Last year ended with the construction industry in a buoyant mood and all signs point to further growth in 2007

01 Executive summary

Tender price index

Davis Langdon’s tender price index shows that building price inflation in Greater London accelerated in the second half of 2006.

Prices in the fourth quarter jumped by 2%, 6% over the year. Prices are expected to rise by 5-6% in the next year.

Building cost index

The building cost index has risen 5.9% in the year to the fourth quarter of 2006. Last year, materials prices inflation (10%) drove the index at a faster rate than labour costs (3.6%). Next year, labour costs will be higher and materials cost inflation will come down.

Retail prices index

The retail prices index rose to 4.4% in December, the highest level since 1991. The consumer prices index hit 3.0%, the highest figure since 1992. January is likely to show a further rise, which the governor of the Bank of England will have to explain to the chancellor.

02 Trends and forecast

Tender prices increased last year at the fastest rate since 2002, underpinned by high materials price inflation as manufacturers passed on high energy costs.

In balance, the continued influx of workers from eastern Europe improved labour availability and held wages in check. The increased workload enabled contractors to improve margins by concentrating on jobs and procurement routes that suited them.

The latest activity barometer by Ernst & Young and the Construction Products Association anticipates that industry growth will gather momentum this year.
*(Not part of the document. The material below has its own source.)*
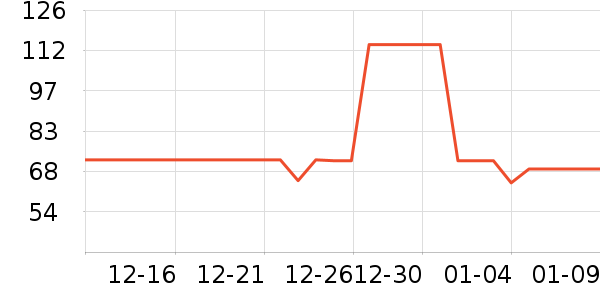 ޹����ë����Ʒ��ʷ�۸�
The Chartered Institute of Purchasing and Supply reported accelerated growth in December across all sectors. The latest RICS construction market survey reports that workload had its largest rise in more than two years, coupled with a sharp increase in confidence in the future.

However, the Federation of Master Builders’ latest state-of-trade survey was less optimistic. Its members are smaller builders so this may reflect the differing conditions between the top and bottom ends of the market. Packaging work into large parcels has reduced the number of contractors able to bid. Similarly, framework agreements are often geared towards larger companies. While there are many opportunities for large contractors, the smaller end of the market remains more competitive.

The medium-to-large end of the market faces similar conditions around the country. Contractors are able to turn down opportunities that do not offer sufficient chance of success or margin. Only negotiated contracts or two-stage strategies are attracting interest.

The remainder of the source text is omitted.